Ao todo, foram destinados R$ 25,28 bilhões para emendas individuais e de bancada em 2023. Desse total, 34% correspondem às transferências especiais ou emendas pix, sendo R$ 8,1 bilhões para os municípios e R$ 624 milhões para os estados.
Queda de braço pelo controle do Orçamento
No fim de dezembro, em uma medida controversa, Lula aprovou a Lei de Diretrizes Orçamentárias (LDO) para 2024 com veto a um dos artigos amplamente debatidos no Congresso, que previa um cronograma de pagamentos para as emendas. O relator da LDO, deputado Danilo Forte (União - CE), na ocasião, afirmou que recebeu com “preocupação os vetos anunciados, uma vez que afetam o grande objetivo da LDO de minha relatoria, que é conferir um nível maior de previsibilidade, transparência e de execução do Orçamento Federal” e que tem confiança que o Congresso derrubará os vetos presidenciais.
Além da transparência, a medida visava diminuir o poder de barganha do governo junto ao Congresso, pois, ainda que a execução das emendas individuais e de bancada seja obrigatória, o governo ainda decide o momento em que serão liberadas e joga com isso para favorecer aliados.
Noronha explica que, como o Centrão elegeu o maior número de prefeituras no país em 2020, ao contrário do PT, que chegou ao menor número de prefeitos de toda a sua história, o apoio é fundamental para a aprovação de medidas de interesse do governo Lula.
“O Congresso Nacional tem tido maior controle sobre o Orçamento via aprovação de emendas com pagamentos obrigatórios.
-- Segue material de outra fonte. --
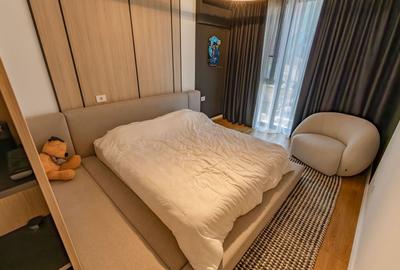 Apartament cu 2 camere semidecomandat, mobilat în Central - 9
Geralmente quando acontecem votações importantes e o governo precisa liberar recursos, as cidades que são governadas por partidos do Centrão recebem maior volume, o que acaba fortalecendo um ciclo”.
Ele ainda avalia que é possível que o PT aumente sua representatividade nessas eleições, com melhora de performance em relação ao pleito de 2020. “Mas, ainda assim, não deve ser nenhum crescimento extraordinário, porque nesses últimos tempos a direita conquistou bastante espaço e o PT acabou reduzindo em tamanho e em número de prefeituras”.
Como a direita e o centro seguem com ampla representatividade no Congresso, essa barganha pelo controle do Orçamento pode prosseguir, com o Senado e a Câmara apostando no aumento de repasses para suas bases por meio das emendas.
“A tendência é que, sim, se não houver uma mudança drástica no rumo político do Brasil, haja cada vez mais o Orçamento e as Emendas na mão do próprio Congresso Nacional, definindo as suas indicações e definindo também as suas liberações”, afirma Pucci. Ele ainda explica que “quanto maior for essa verba e essa certeza do pagamento, melhor será para o parlamentar e, principalmente, para os seus correligionários, aqueles que ele apoia nas eleições municipais”.